I had to mention this. Still not out yet and my internal build seems so close yet needs more cowbell. I was really looking forward to seeing a beta released around now and spending my time apologising in public forums and working on improvements. What happened is a series of poor choices on my part which I wouldn't choose to do again. Problem that a normal team could rally around is too much for one programmer to deal with (such as the much needed engine occlusion bug which broke a key avionics sub-system). Another mistake was getting pressured into announce a release period which was just setting myself up for disappointing people when problems arose. I broke my own rule and paid the price. While I still feel bad about that I love the team even though they probably hate some of the choices I made, I can't disagree. Will the release meet expectations? Probably not. Will it fly? You bet. Besides my wife said she'll cut off my bollocks if I don't release it soon or get a decent paying job. Can't argue with that either.

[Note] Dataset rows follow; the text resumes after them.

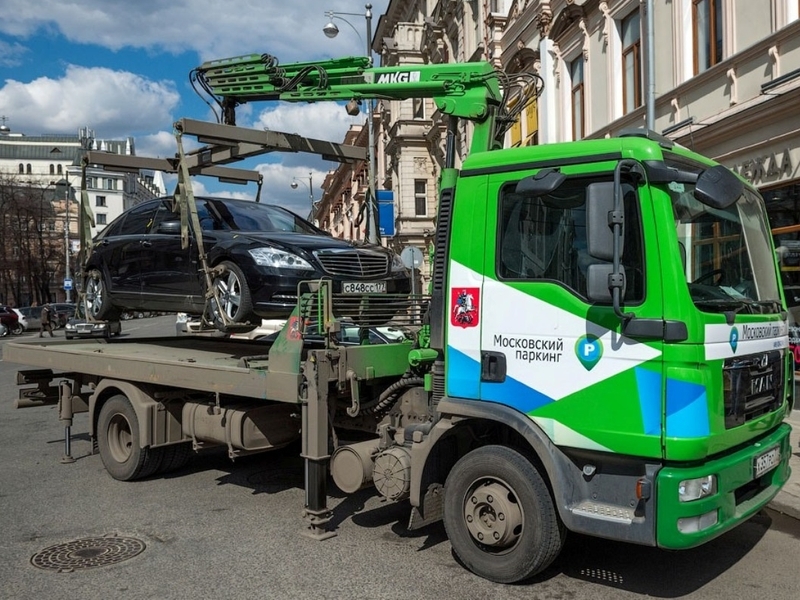 Названы улицы Москвы, с которых чаще всего эвакуируют автомобили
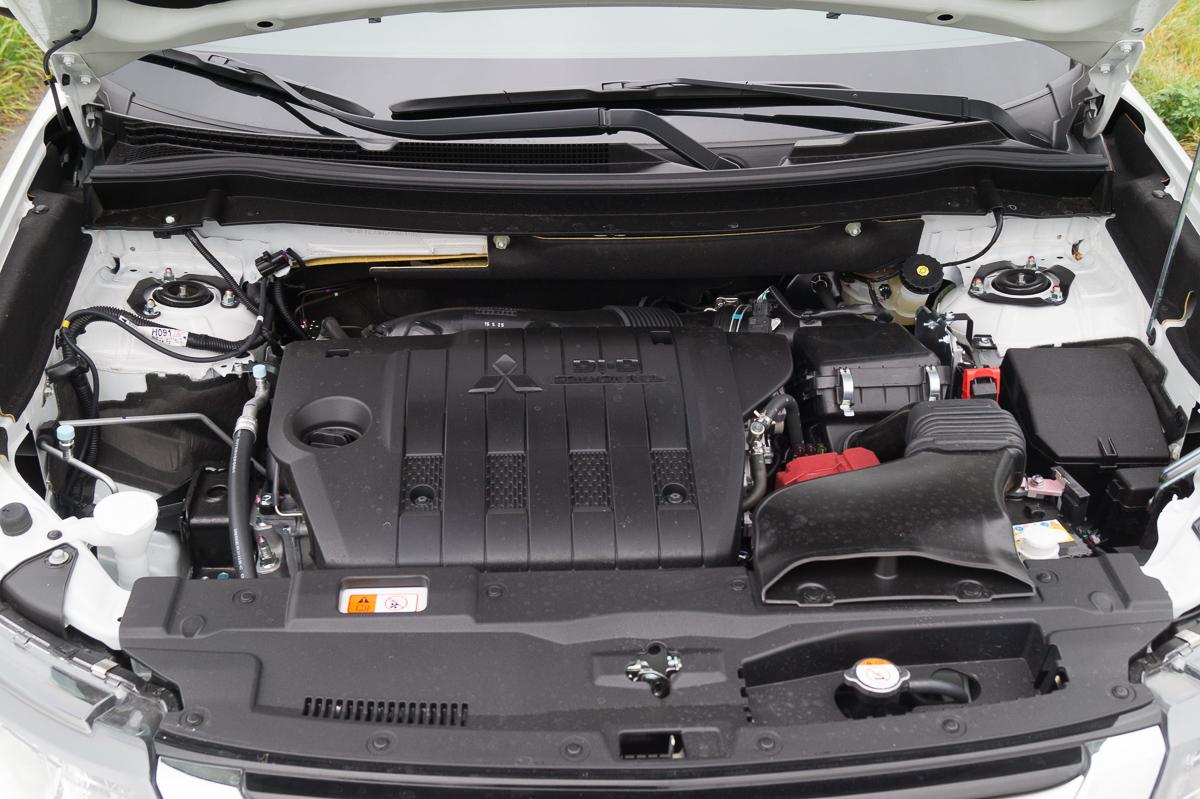 2015-mitsubishi-outlander-2-2-diesel-4wd-test-fahrbericht-jens-stratmann-7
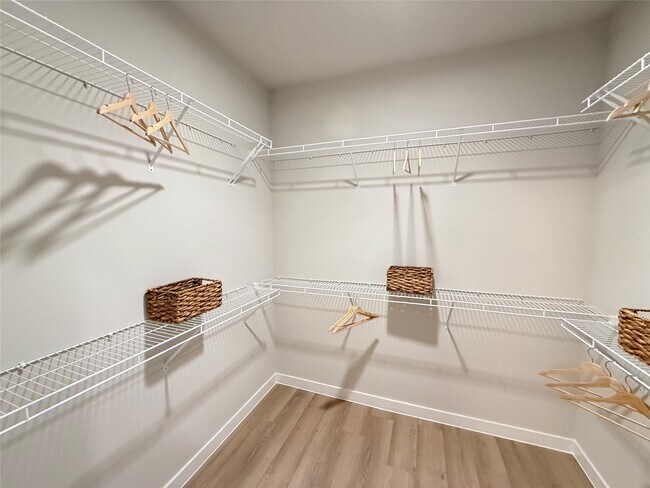 Building Photo - 1610 Campbell Rd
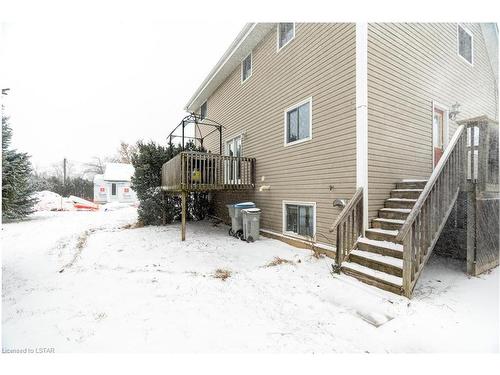 225 William Street E, Parkhill, ON - Outdoor With Exterior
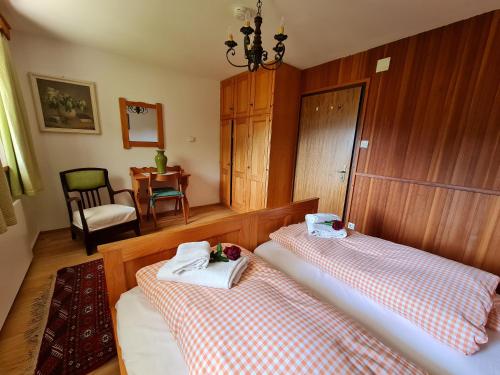Postel nebo postele na pokoji v ubytování Haus Oswaldi by Globalimmoservice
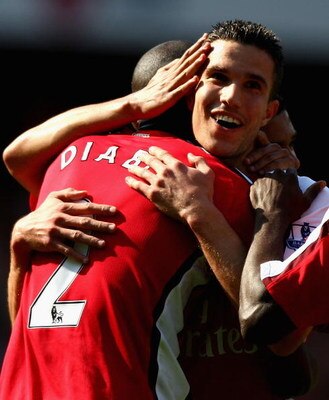 LONDON, ENGLAND - MAY 24:  Robin Van Persie of Arsenal celebrates after scoring his team's second goal during the Barclays Premier League match between Arsenal and Stoke City at Emirates Stadium on May 24, 2009 in London, England.  (Photo by Ryan Pierse/G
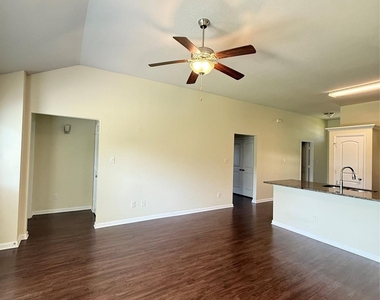 1134 Shadow Glenn Drive - Photo Thumbnail 3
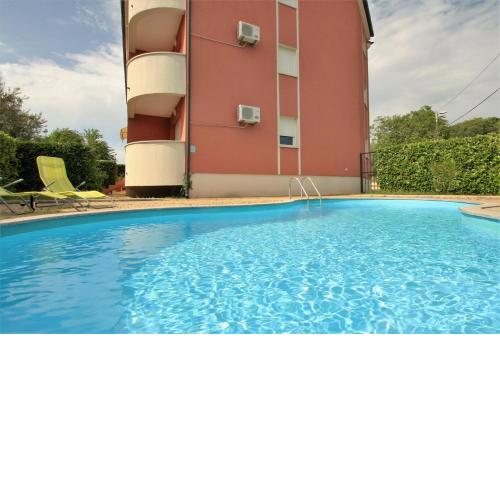 Apartment Percic with Shared Pool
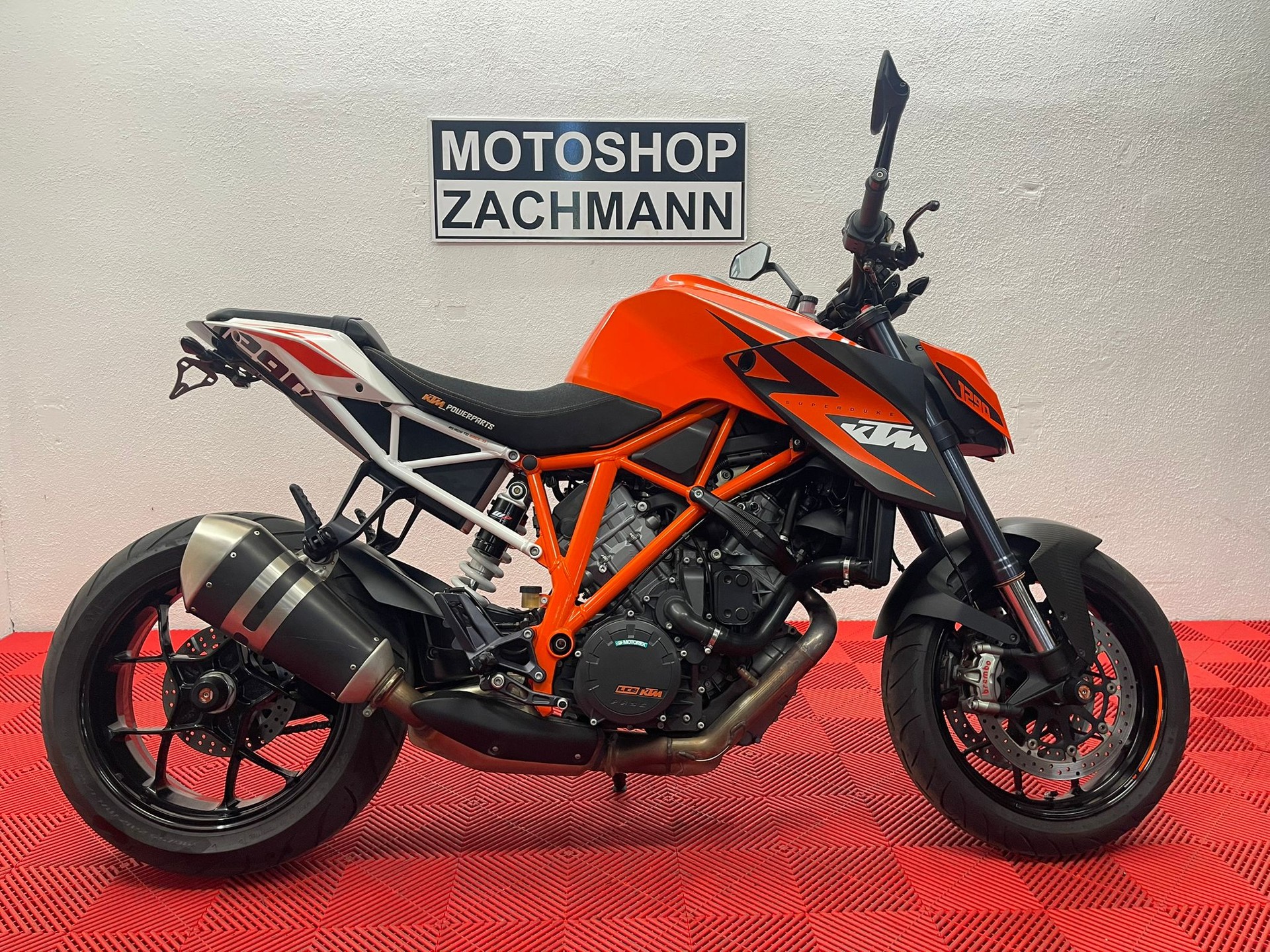 KTM 1290 Super Duke R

Video and film highlights of 2011


Everything is a Remix


If there was ever a documentary that shows how ridiculous, damaging and outdated modern day copyright and patent laws are, Everything is a Remix is an entertaining documentary series in 4 parts. Everything around us is a remix of some tool, idea and material. Without the freedom to copy, transform and combine existing ideas and technologies creativity is stifled and with it western economies. How different our world would be today if the same level of litigation was around at the time of the industrial revolution.



Sons of Guns - Discovery Channel


Once you get past the gratuitous 'gun porn' flag waving aspect what I love about this series is the sheer love and enthusiasm from the employees of Red Jacket Firearms featured in the show. Sure they love to blow stuff up and you might question the sanity and choices made (as do the employees from time to time) but the company is not run as a democracy (insert discussion here). Now airing the third season it's perhaps the most popular show on Discovery HD. It had me yelling, "I got a guitar GUN!" Cracks me up every time.


Cowboys and Aliens (imdb)


The film was better than the title. Reminding me a little of an old b-movie Valley of the Gwangi (imdb) it was a reasonably fun and gritty take on the what-if monster genre.


Super-8 (imdb)


A charming revisit of what an 80s Spielberg movie would be if made today....set in the 80s. Yes we wore those clothes in school. And if you have a 5.1 surround system then the train crash scene will terrify your neighbours. Written and Directed by J.J Abrams.



Cool science stuff


Energy from paper, discovery of hundreds of 'earth like' planets around nearby stars, the possible discovery of the Higgs Boson and Mentos in diet coke. Granted the last one is a bit late but is the only practical experiment I actually conducted in the kitchen. I did clean up though.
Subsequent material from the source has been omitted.